TASK STATEMENT – Pictures within the data are to be left out; everything else must be reproduced exactly.

BEGIN SUPPLIED DATA

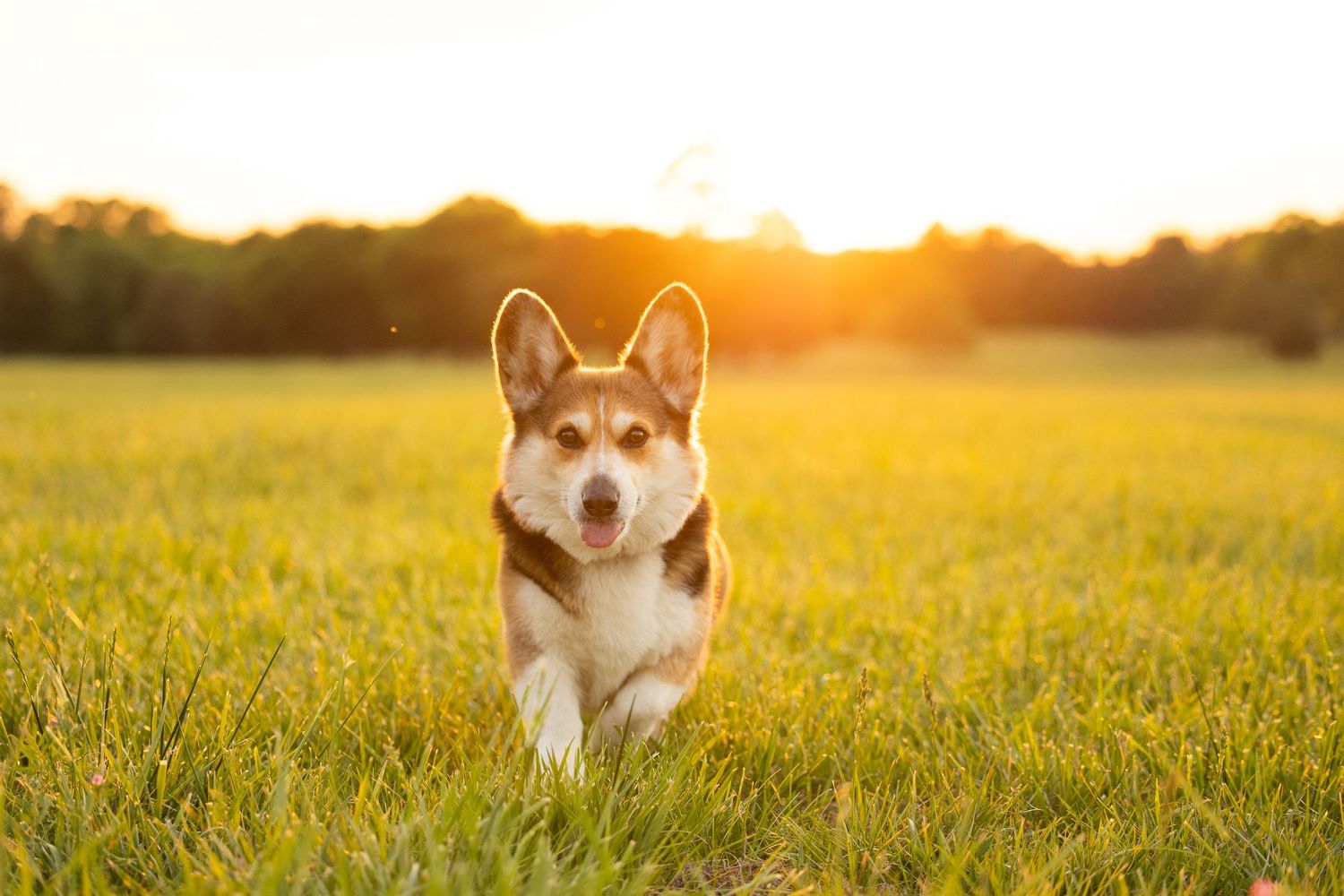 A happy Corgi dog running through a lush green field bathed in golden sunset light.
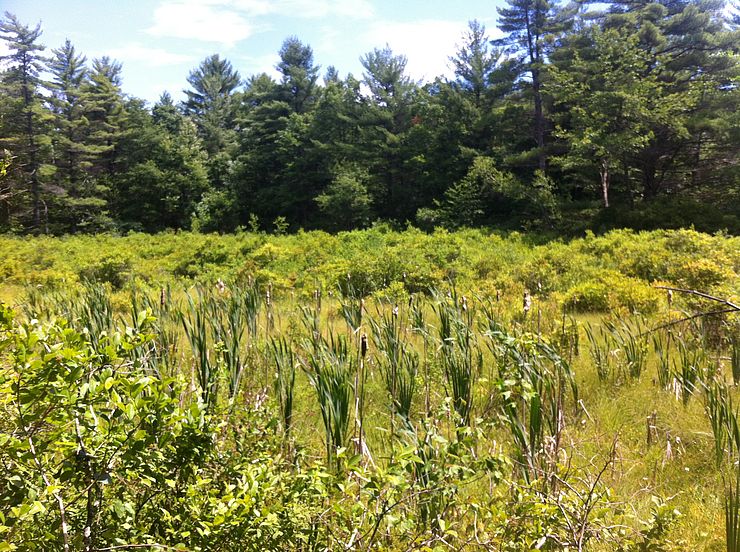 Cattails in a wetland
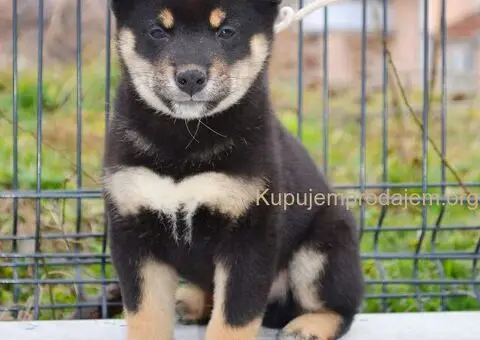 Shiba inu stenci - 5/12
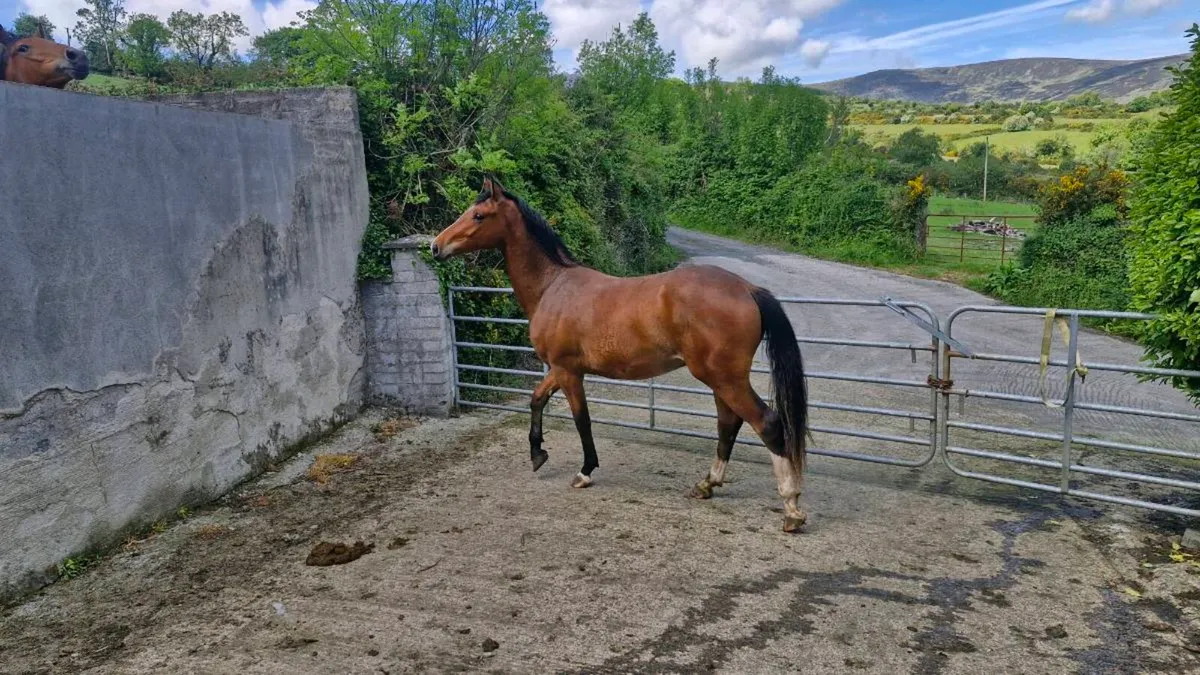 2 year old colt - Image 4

END SUPPLIED DATA

YOUR RESPONSE –
 A happy Corgi dog running through a lush green field bathed in golden sunset light.
 Cattails in a wetland
 Shiba inu stenci - 5/12
 2 year old colt - Image 4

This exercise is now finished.